East Timor's Foreign Minister Jose Ramos Horta said the situation in the capital Dili today was one of uneasy calm.

The army and disgruntled ex-soldiers exchanged fire in gun battles yesterday for a second day running, but Mr Horta said order was holding this morning.

However, he said foreign troops - including a possible deployment from New Zealand - were still required. Australia said its forces could begin arriving there this afternoon.

There has been trouble in the country since five people were killed late last month during a protest by 600 soldiers sacked for desertion. A sixth person was killed on Tuesday.

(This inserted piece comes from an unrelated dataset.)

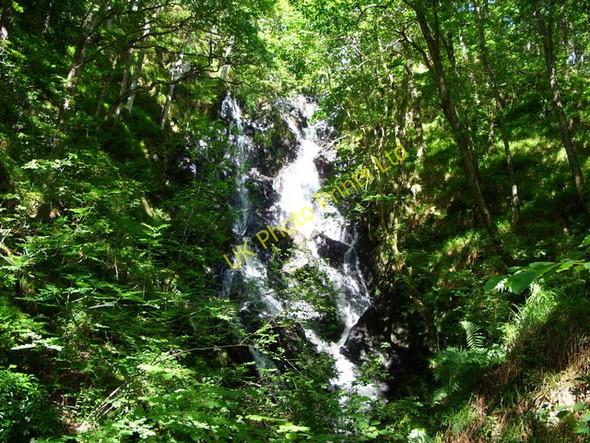 Photo 6"x4" Waterfall in the Wood of Cree Challoch\/NX3867 c2007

The conflict has been factionalised and Australia and Portugal are sending troops to help retain peace, the first of which could arrive later today. Prime Minister Helen Clark said New Zealand was also considering a request for help.

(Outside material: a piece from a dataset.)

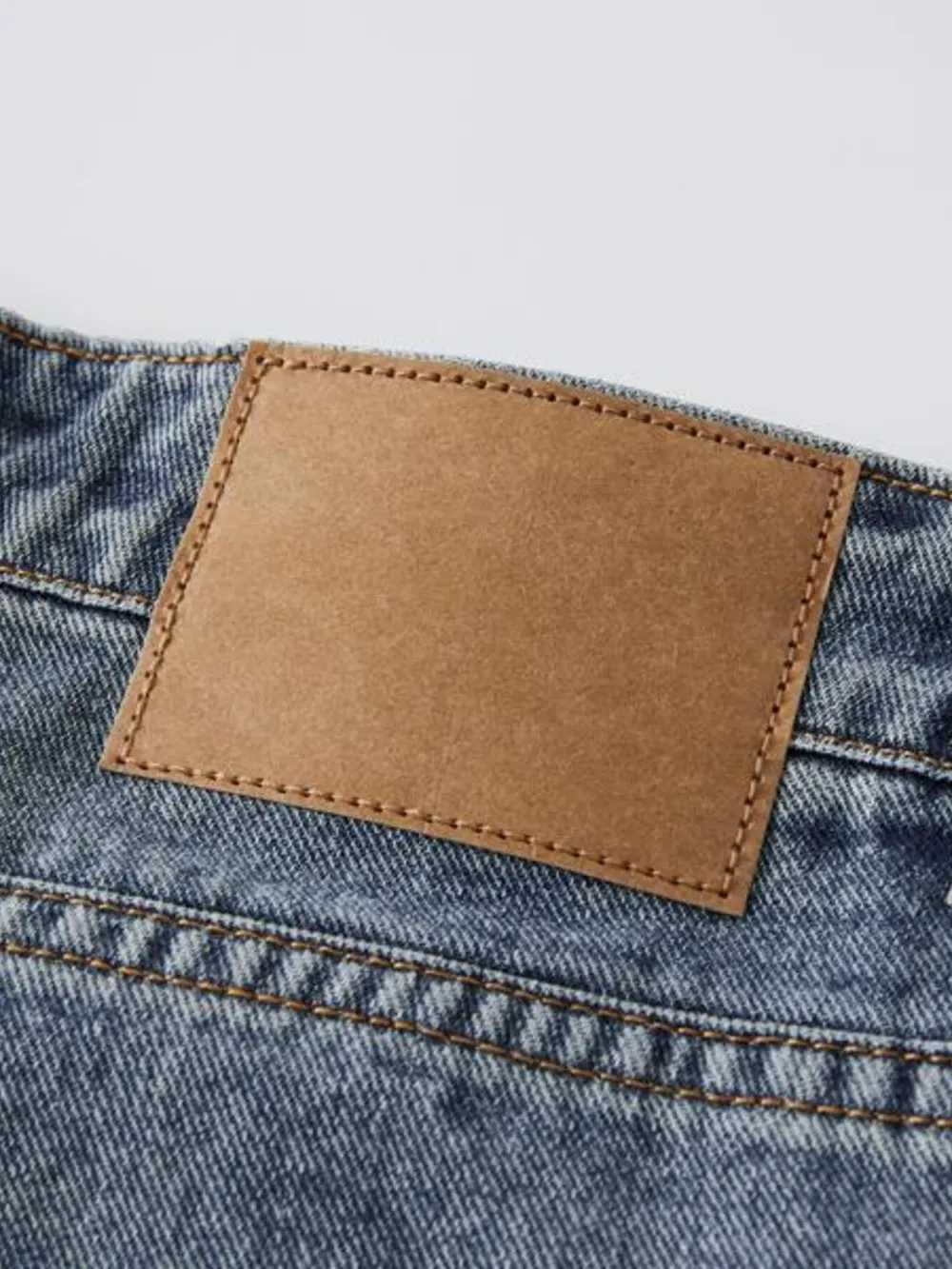 Men's Wash Wide Leg High-Rise Jeans, image 8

Mr Horta told National Radio he had visited shelters and been out in the capital and the situation was stable today.

"But this calm and this quiet is very precarious," he said. "There are still tens of thousands of people sheltering in different parts of the city or outside of the city.

"There is palpable fear amongst many thousands of people that violence can break out again..."

Mr Horta was open to meet New Zealand representatives and discuss terms for troops going to East Timor.

Australia and New Zealand had asked for written requests for help. These were sent last night and were signed by President Xanana Gusmao and other political leaders.

Two Australian navy ships are already on their way to the troubled state and Australia's Vice Chief of Defence Force is set to visit the capital, Dili, to finalise details of the country's navy deployment.

"Assuming they are able to negotiate all of that satisfactorily then we will be able to move straight away," Australian Foreign Minister Alexander Downer told Australian television.

"In terms of the bulk of our troops arriving there they will probably be able to get there in around 48 hours from the moment we authorise them to leave, but it might be possible to get some small numbers there in advance."

Australia has pre-deployed a battalion of between 1000 and 1300 troops. Portugal has said it will send 120 military police to help in the security effort.

Malaysia was looking at sending 500 personnel - 250 as a special police force and the other half military.

Mr Horta had talked to rebel soldiers leaders last night who "seemed to indicate willingness to engage in dialogue".

Though he hoped talks would take place this weekend, troops from Australia, New Zealand, Portugal and possibly Malaysia were still necessary, he said.